Ainda a ressaca dos acontecimentos de Maio de 68 não tinha acabado e já uma voz se erguia contra o conformismo e as incongruências dos órfãos da revolução. Chamava-se Gérard Lauzier, um criador de bandas desenhadas que se dedicava a dissecar, com acidez e ironia, tudo e todos - os intelectuais egocêntricos, os publicitários envergonhados, os defensores nostálgicos do regresso à terra, os artistas falhados, os chefes de família da nova ordem reinante. Em suma, os sinais identificadores do refluxo ético, social e cultural que atravessou a sociedade francesa nos anos 70 e 80 do século passado.
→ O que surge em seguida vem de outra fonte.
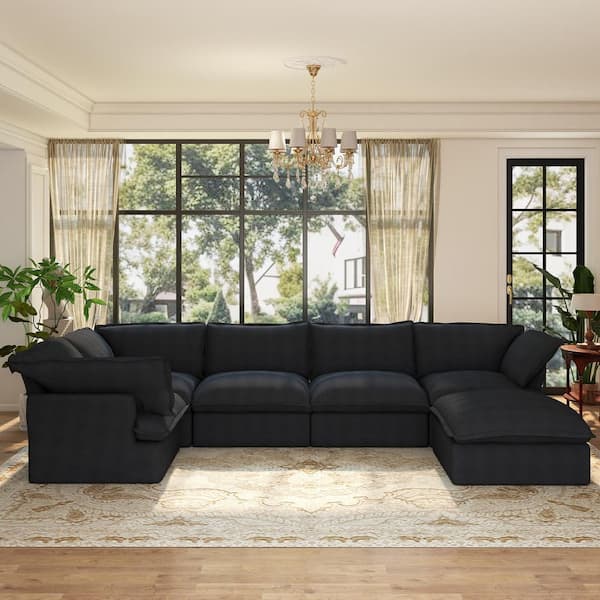 Pine Wood 123 in. Flared Arm 6-Piece Linen Oversized Modular Sectional Sofa with Washable Cover Storage Ottoman in Black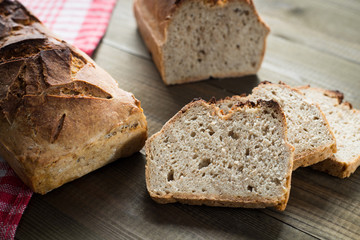 Tasty homemade bread. 
Sourdough bread.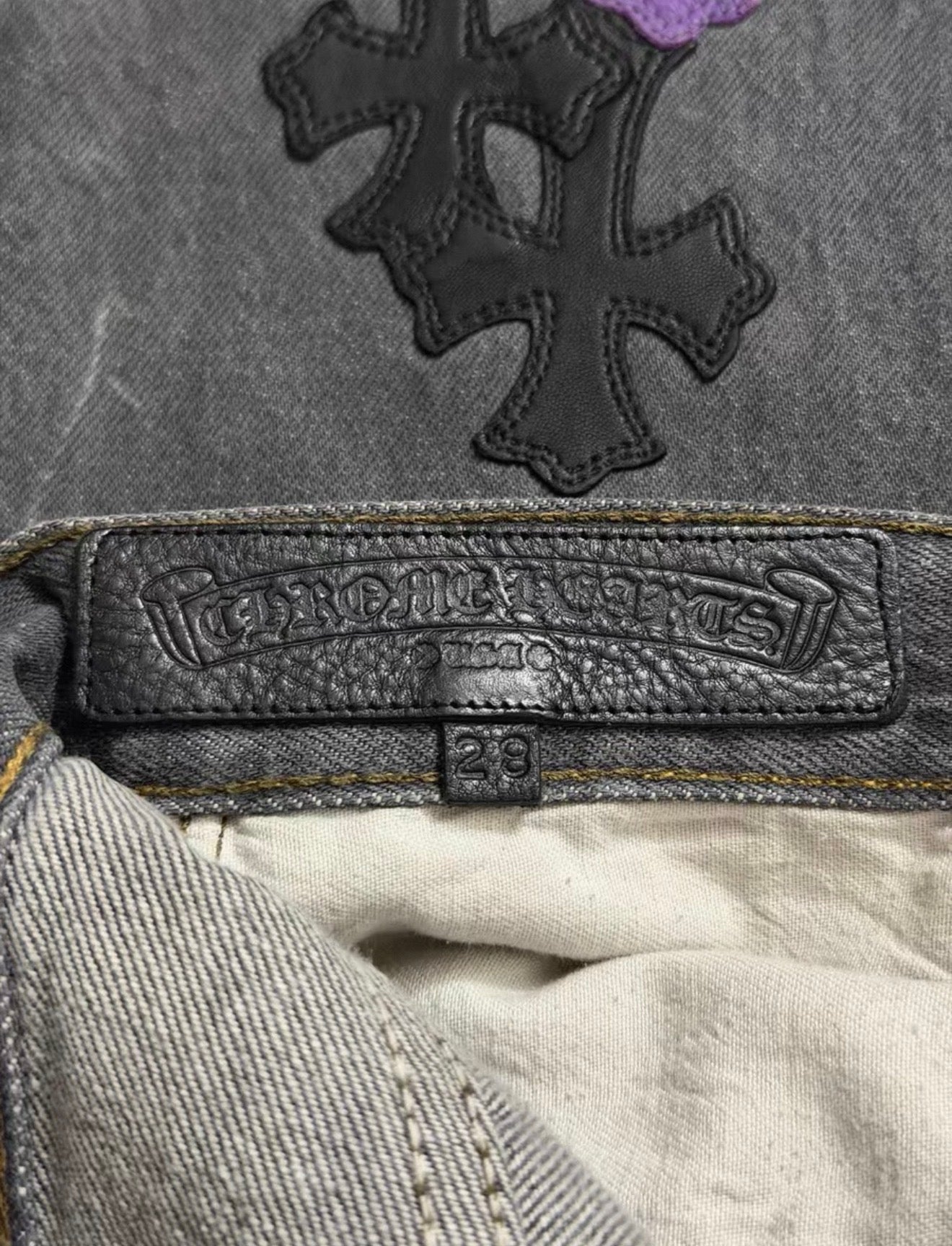 Chrome Hearts Black  Purple Spray-Painted Graffiti Cross Purple kings Jeans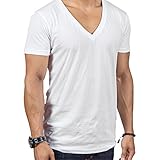 3 Pack Sada Men's 100% Cotton Deep V Neck Short Sleeve Basic Solid Tee T-Shirt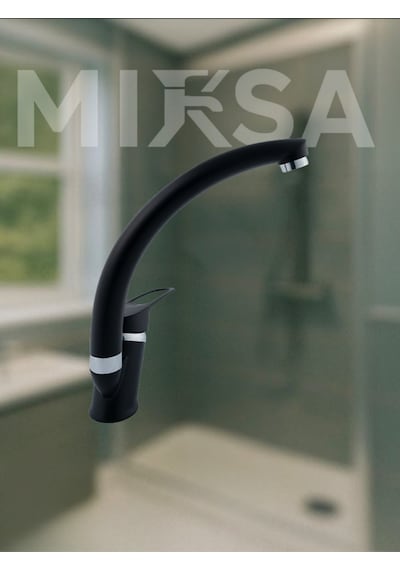 Siyah-krom Mix Kuğu Mutfak Eviye Bataryası, Musluğu, Çeşmesi Çift Su Girişli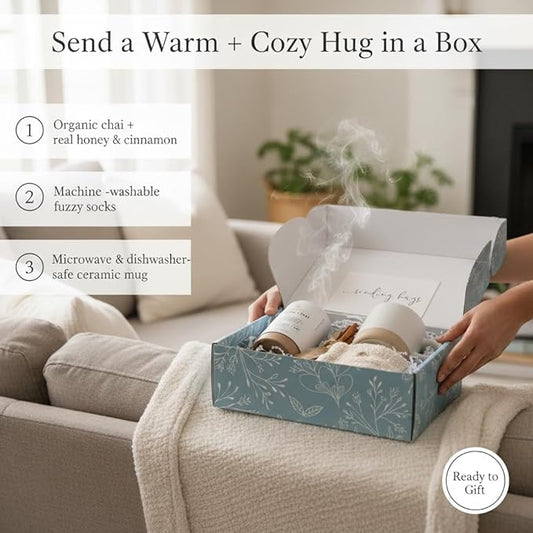 Unboxme Sending Hugs Get Well Soon Gift Basket & Care Package for Women - Self Care Gift Box with Fuzzy Socks, Ceramic Mug, Chai Tea, Honey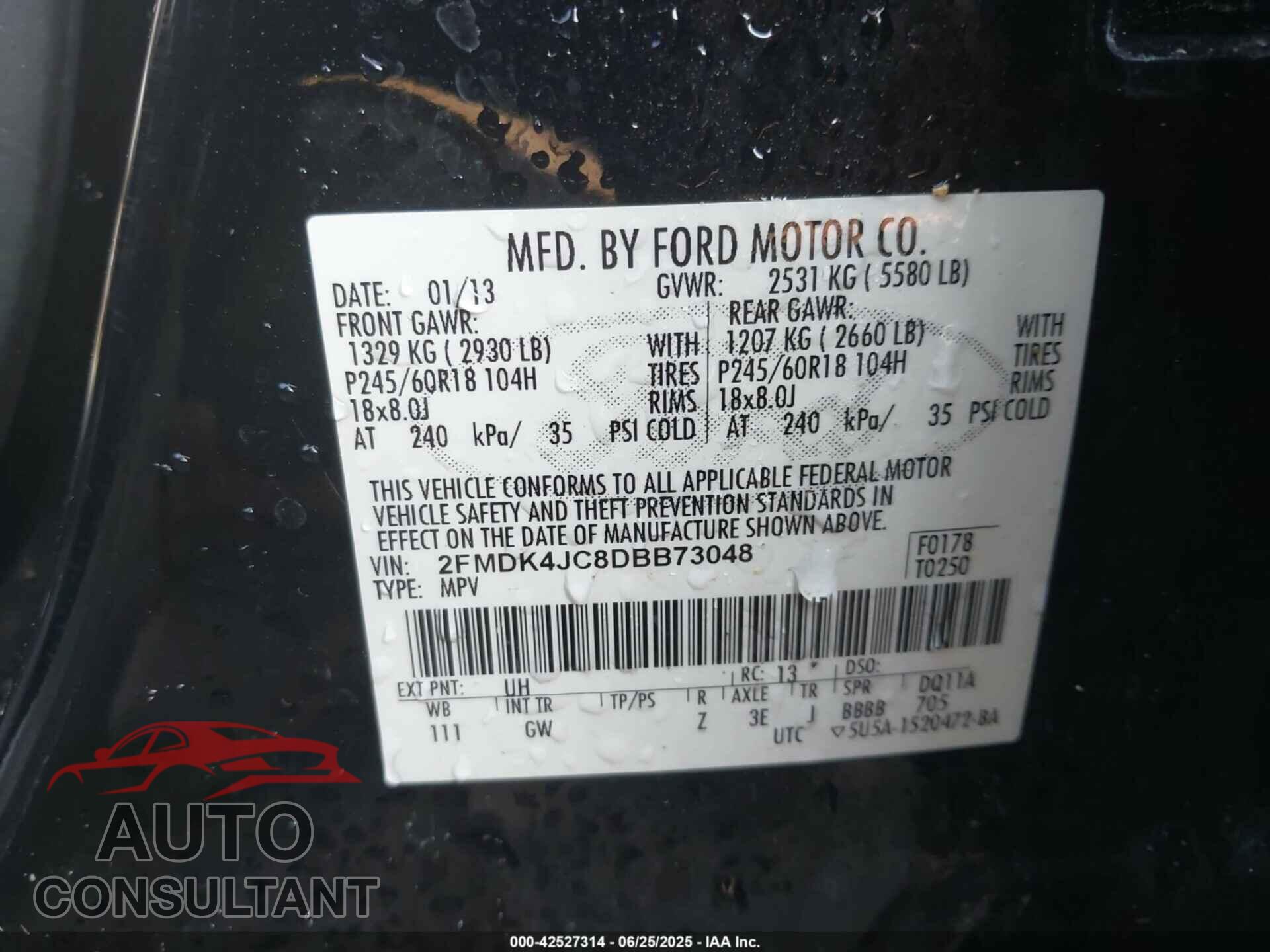 FORD EDGE 2013 - 2FMDK4JC8DBB73048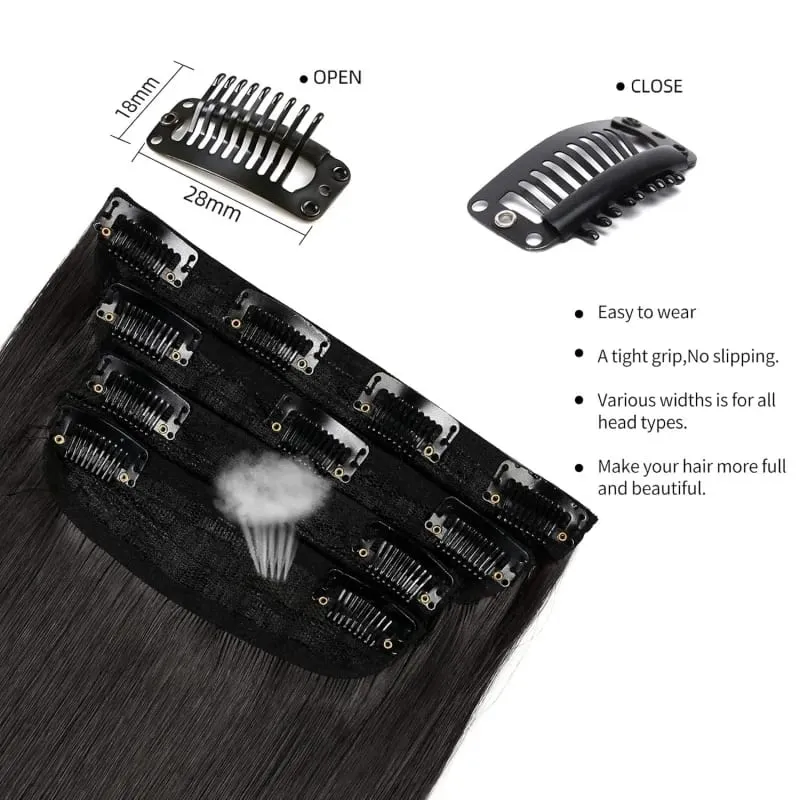 Synthetic 20 Inch Straight Clip In Hair Extensions 4Pcs Soft Thick Black Hair Pieces Available In 3 Colors For Women Daily Use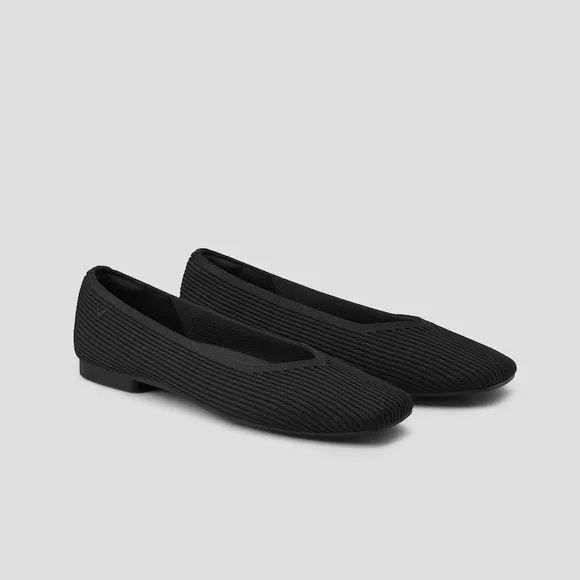 VIVAIA Knit Pointed-Toe Flats Comfortable Everyday Shoes Black EU/38 US/7,7.5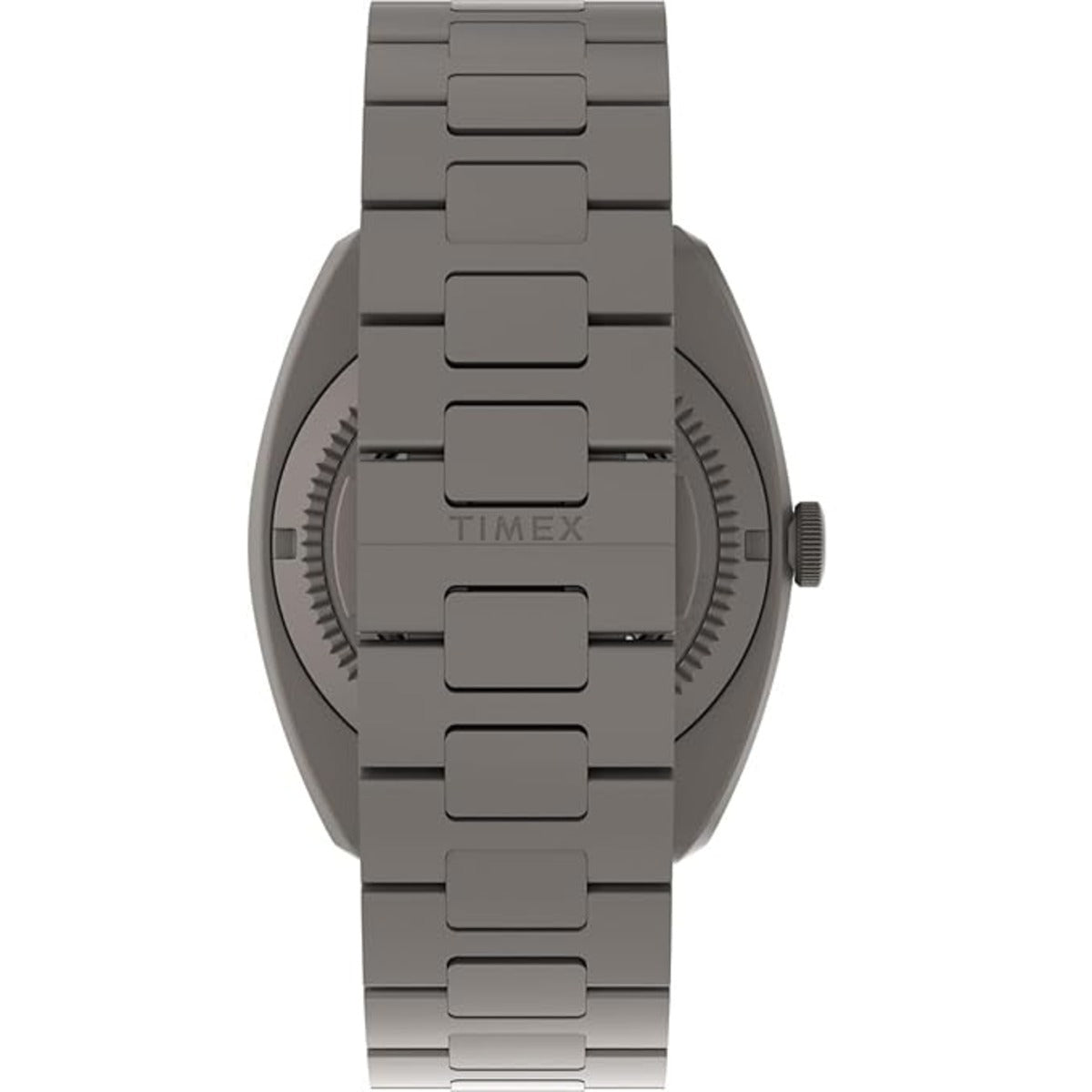 Gray Timex watch with metal band on a white background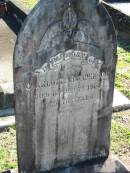 Charlotte HUTCHINSON,
died 11 Sept 1914 aged 78 years;
Woodford Cemetery, Caboolture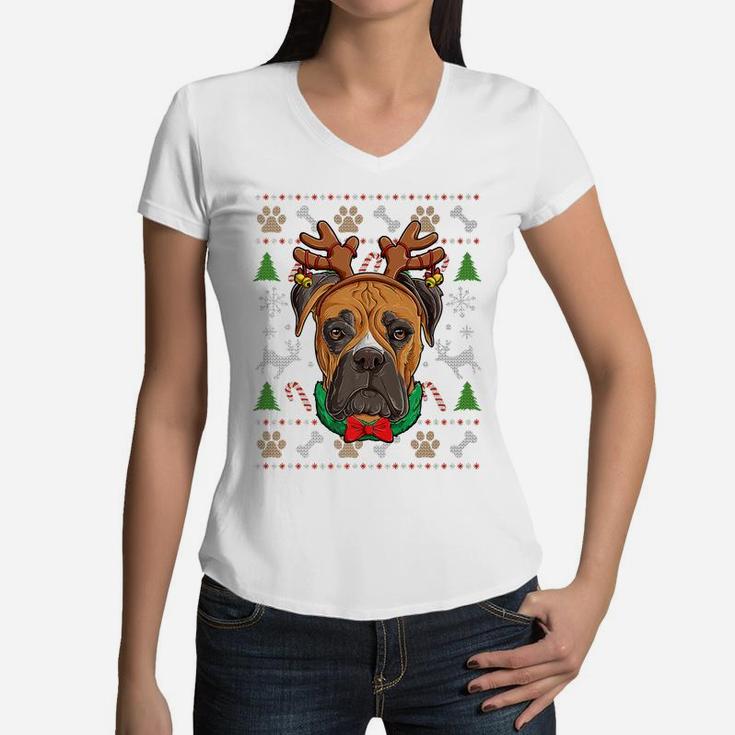 Boxer Ugly Christmas Reindeer Antlers Xmas Girls Kids Women Women V-Neck T-Shirt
Autor de banda desenhada atípico e, de certa forma, inclassificável, Lauzier teve a sua época de ouro no período entre 1975 e 1985, anos em que colaborou na revista Pilote, da qual foi um dos esteios. Se existe uma obra culminante no percurso deste homem nascido em Marselha a 30 de Novembro de 1932, ela chama-se Tranches de Vie (cinco álbuns). Durante esse período, fez da "esquerda caviar" o seu alvo preferencial, desnudando sem pudor a má consciência de um certo tipo de pessoas, bafejadas pelo êxito social, que não tinham pejo em desenvolver um discurso autojustificativo dos seus comportamentos acomodados.
As suas críticas congregaram um coro de acusações. Criador polémico por excelência, o desenhador foi acusado de ser reaccionário, racista - e mesmo fascista - à esquerda, mas também anarquista e esquerdista à direita. Lauzier, um autor ambíguo? "O que posso dizer em minha defesa é que me limito a contar histórias que acontecem à minha volta, e que relato à minha maneira", respondia em Janeiro de 1993 numa entrevista ao PÚBLICO, imediatamente a seguir à sua consagração no Festival Internacional de BD de Angoulême, onde lhe foi atribuído o Grande Prémio Alph-Art. Controverso? "O pequeno meio intelectual em torno da BD era sobretudo de esquerda e eu sou um homem de direita. Mas a verdade é que nunca quis ser premeditadamente mau, nem sou fascista!..."
Na mesma entrevista, Lauzier admitia que todas aquelas acusações o "divertiam imenso", para logo a seguir explicar o que o fazia correr: "Há uma geração de autores franceses que têm no quotidiano a sua matéria-prima - é o caso de Veyron, Bretécher ou Margerin - e então basta olhar à volta para 'apanhar' os fragmentos do quotidiano".
BD, cinema e teatro
Silencioso desde 1992, ano em que publicou o último álbum, Gérard Lauzier morreu no passado dia 6 de Dezembro na sua casa em Paris. "Na sequência de doença prolongada", disseram as agências noticiosas.
A biografia oficial do artista fala de uma passagem pela École des Beaux Arts de Paris, partindo depois para o Brasil em 1956. Trabalha em publicidade e faz caricaturas no Jornal da Baía. Dá-se muito bem com os ares tropicais, mas nem por isso com a ditadura militar, regressando a França em 1965. Torna-se desenhador de humor, actividade que desenvolve até 1974. Nesse ano, começa a dedicar-se à BD, sobretudo na revista Pilote. A sua bibliografia regista uma mão-cheia de álbuns, mas pára em 1983, se exceptuarmos um regresso efémero em 1992 (Portrait d'Artiste).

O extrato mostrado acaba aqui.